• [DATASET]:
━━━

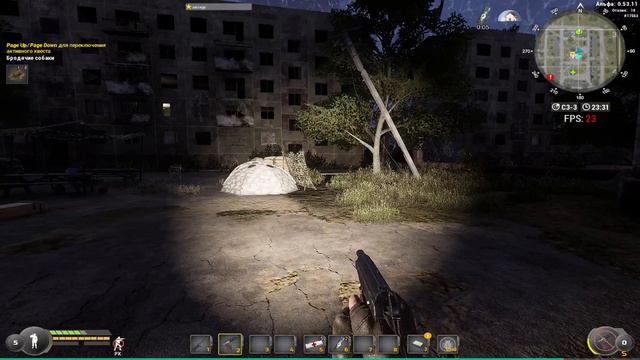 стрима по Will To Live Online играем по хардкору смотреть онлайн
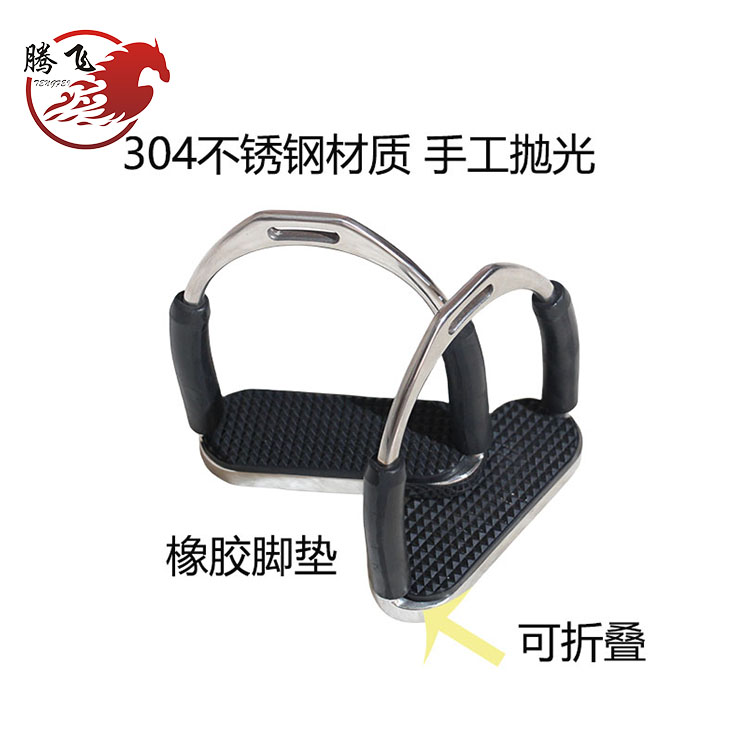 不锈钢安全马蹬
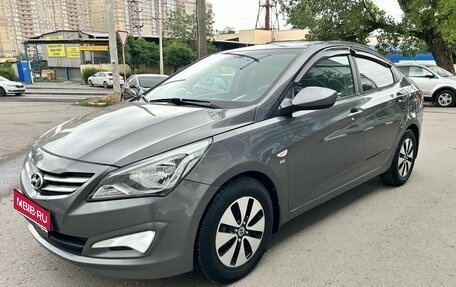 Hyundai Solaris II рестайлинг, 2015 год, 889 000 рублей, 1 фотография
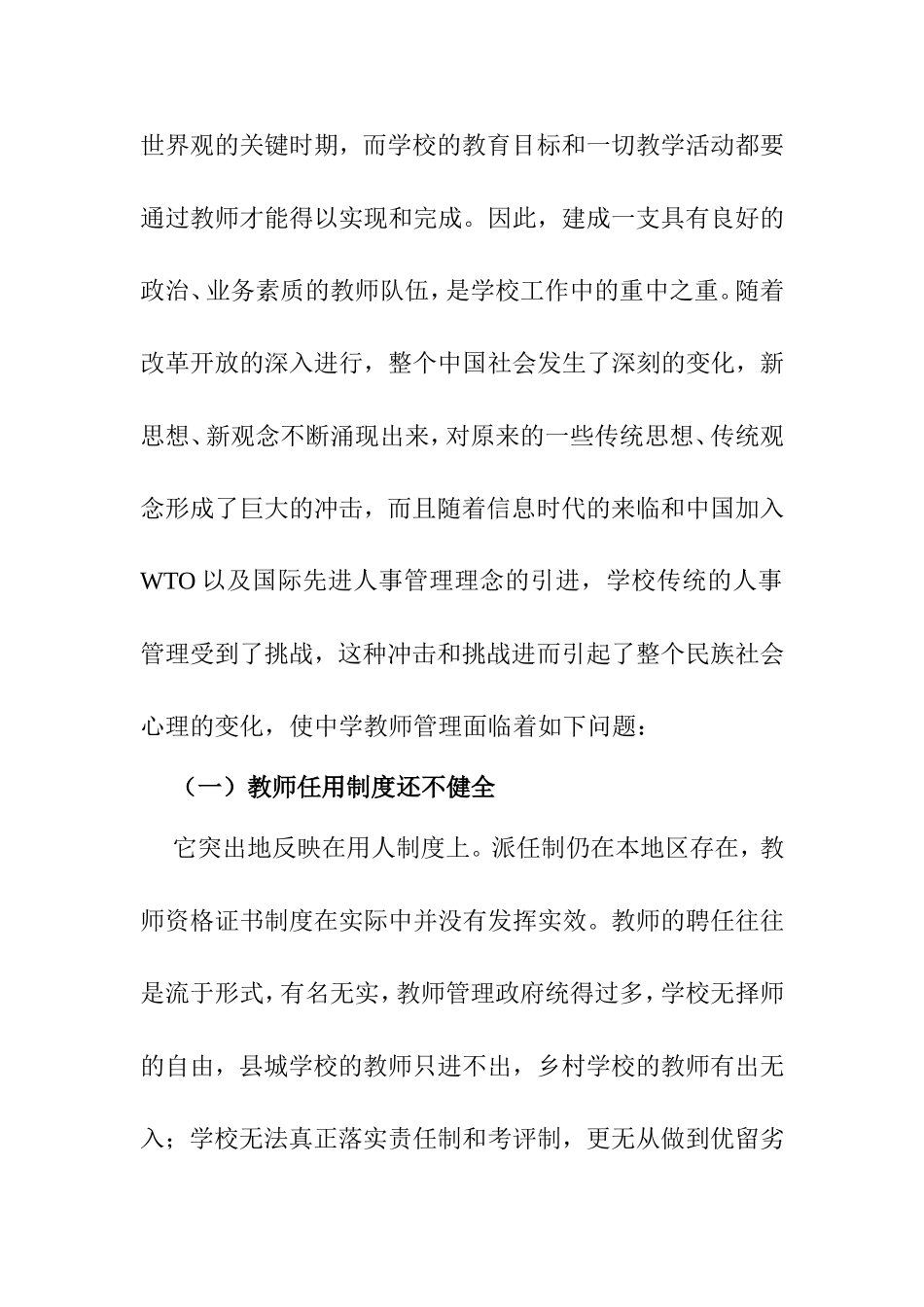 中学教师管理存在的问题及对策探讨_第3页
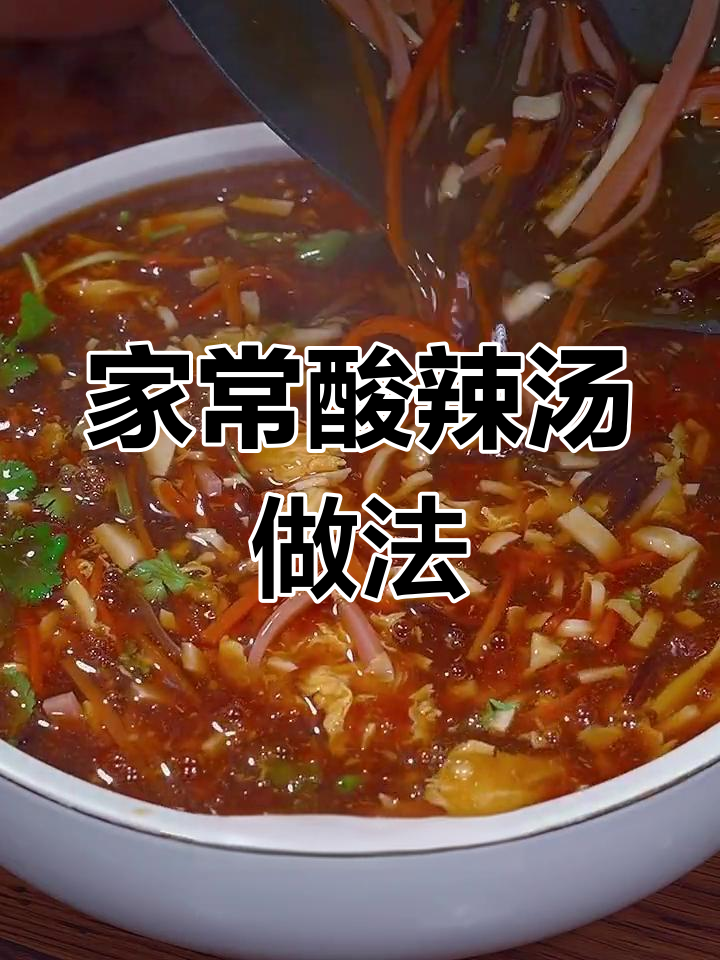 酸辣汤家庭版,简单又暖心,学会这道汤让家人爱上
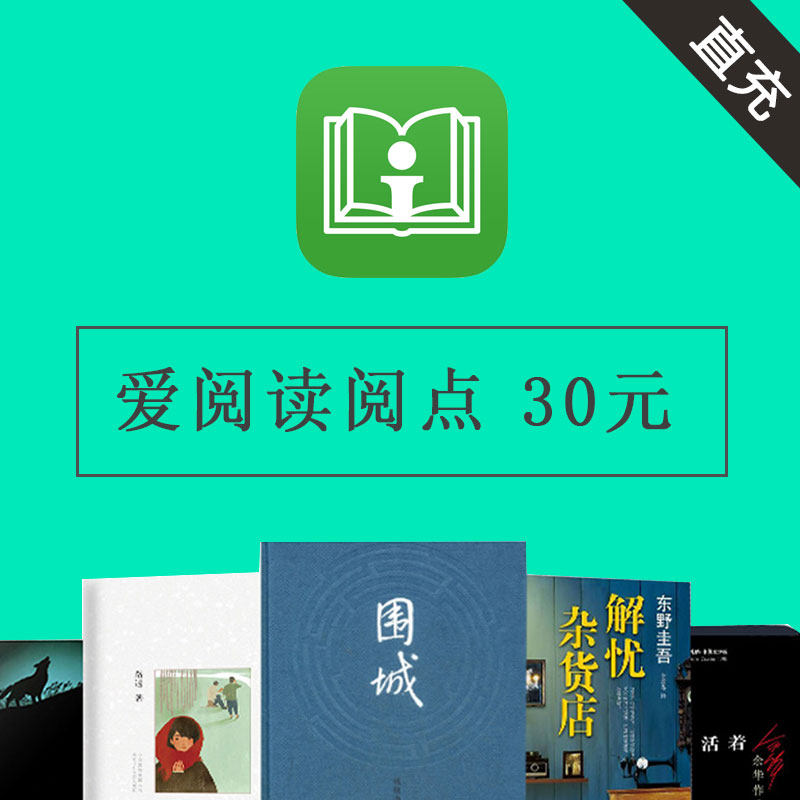 I love reading 30 element 3000 Access point Love reading Reading and reading Recharge 30 element Account Fill in Companionship of Books ID Direct chargein the Network game cards , Film and television members, Q-QQ read category - from Buy2taobao.com to provide professional Taobao agent buy service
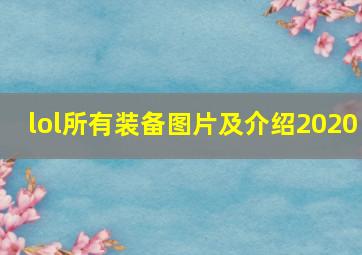 lol所有装备图片及介绍2020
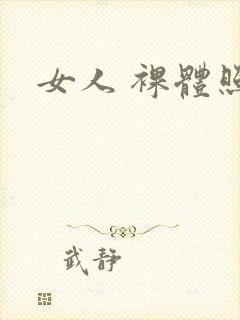 女人 裸体照封面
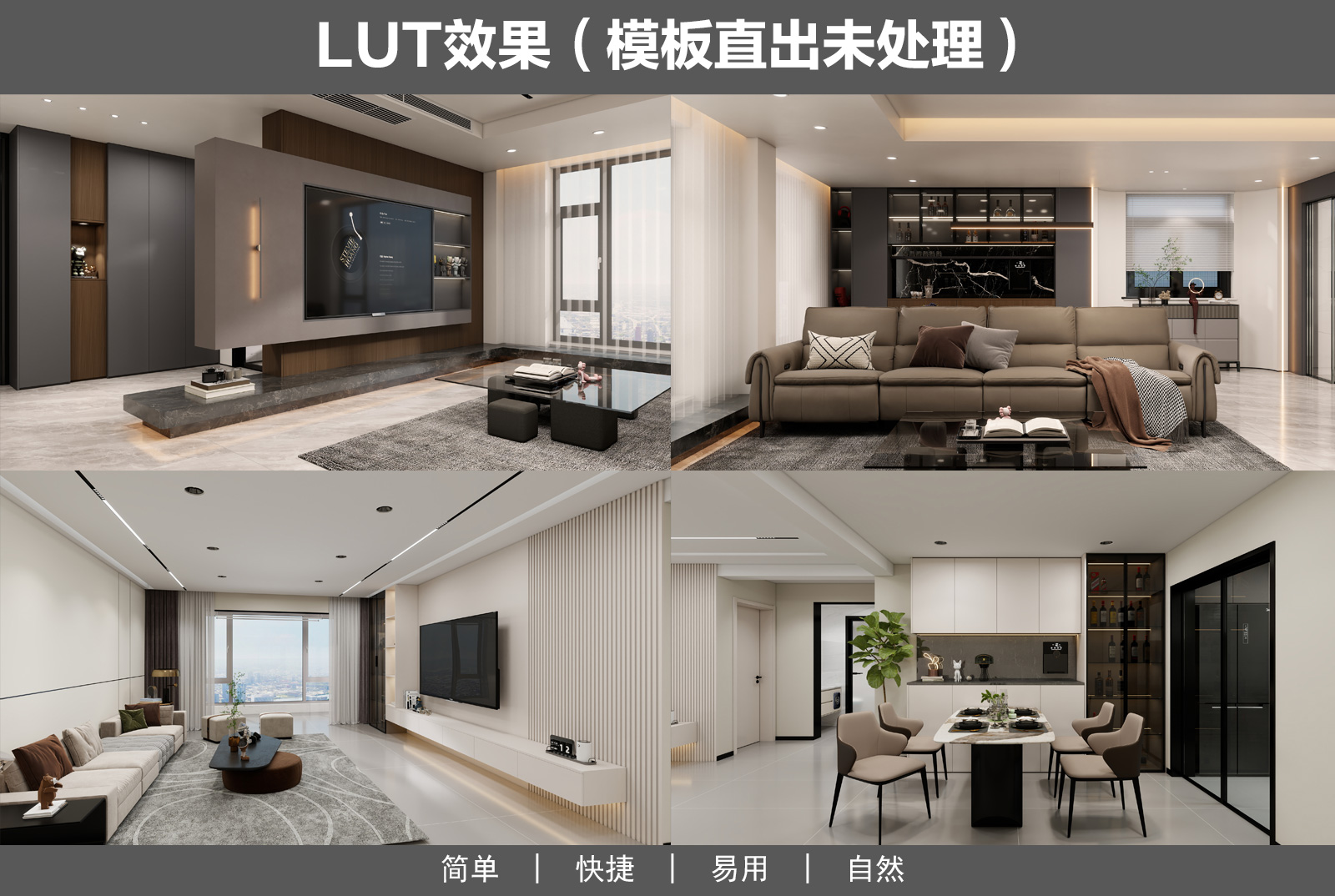 酷家乐郭一绪渲染插件上线啦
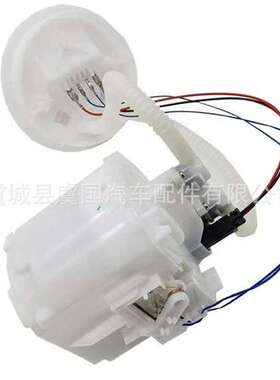 燃油泵97FB3H307  97FB3H307  97FB3H307  97FB3H307  97FB3H307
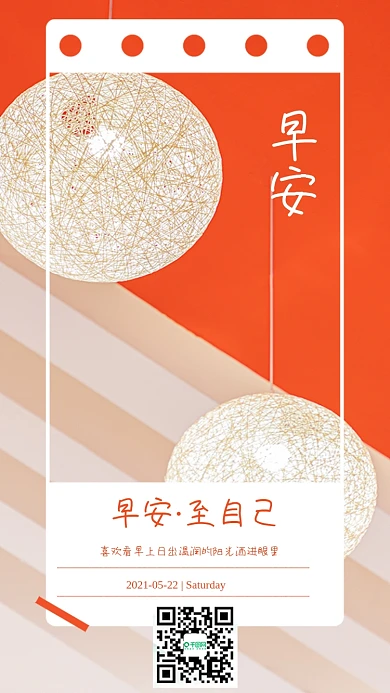 简约每日早安日签你好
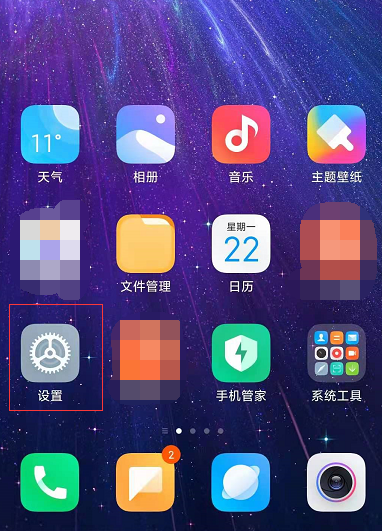 双怎么弄？几步就能学会双开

━━━

• [TASK TO COMPLETE]:
Every line from the one containing "Hyundai Solaris II" through the last line of the data is to be retyped exactly, with nothing added and no pictures included.

• [RESPONSE]:
 Hyundai Solaris II рестайлинг, 2015 год, 889 000 рублей, 1 фотография
 中学教师管理存在的问题及对策探讨_第3页
 酸辣汤家庭版,简单又暖心,学会这道汤让家人爱上
 I love reading 30 element 3000 Access point Love reading Reading and reading Recharge 30 element Account Fill in Companionship of Books ID Direct chargein the Network game cards , Film and television members, Q-QQ read category - from Buy2taobao.com to provide professional Taobao agent buy service
 lol所有装备图片及介绍2020
 女人 裸体照封面
 酷家乐郭一绪渲染插件上线啦
 燃油泵97FB3H307  97FB3H307  97FB3H307  97FB3H307  97FB3H307
 简约每日早安日签你好
 双怎么弄？几步就能学会双开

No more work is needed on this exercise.